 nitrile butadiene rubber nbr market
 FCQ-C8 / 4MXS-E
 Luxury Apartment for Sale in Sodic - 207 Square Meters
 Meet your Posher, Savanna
------------------------------------------------------------------------
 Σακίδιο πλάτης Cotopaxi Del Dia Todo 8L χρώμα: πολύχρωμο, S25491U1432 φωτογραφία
------------------------------------------------------------------------
> _Description of the task_: Retype only the lines above between the line with "Luxury Apartment for" and the line with "Meet your Posher, Savanna", counting those two lines as well, and keep every character as it is.

> _Exercise output_:
 Luxury Apartment for Sale in Sodic - 207 Square Meters
 Meet your Posher, Savanna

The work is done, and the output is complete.